§ What is needed:
Please repeat the lines below exactly. Begin with the line containing "Gardens, FL 33169" and go on through the line containing "Apartments Gloria Vrsar Εξωτερικό φωτογραφία".

§ Given entries:
# # #
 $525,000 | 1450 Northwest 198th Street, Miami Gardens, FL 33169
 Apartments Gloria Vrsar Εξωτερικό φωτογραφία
# # #
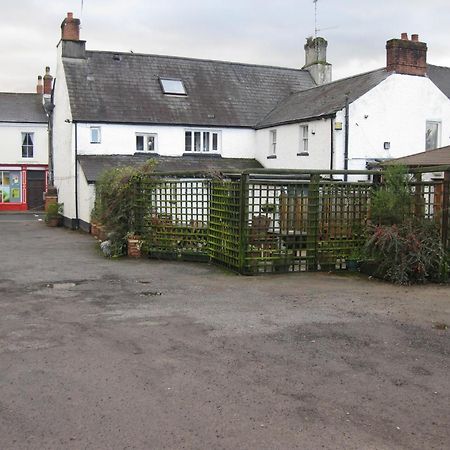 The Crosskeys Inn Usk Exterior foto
# # #
§ Response to the task:
 $525,000 | 1450 Northwest 198th Street, Miami Gardens, FL 33169
 Apartments Gloria Vrsar Εξωτερικό φωτογραφία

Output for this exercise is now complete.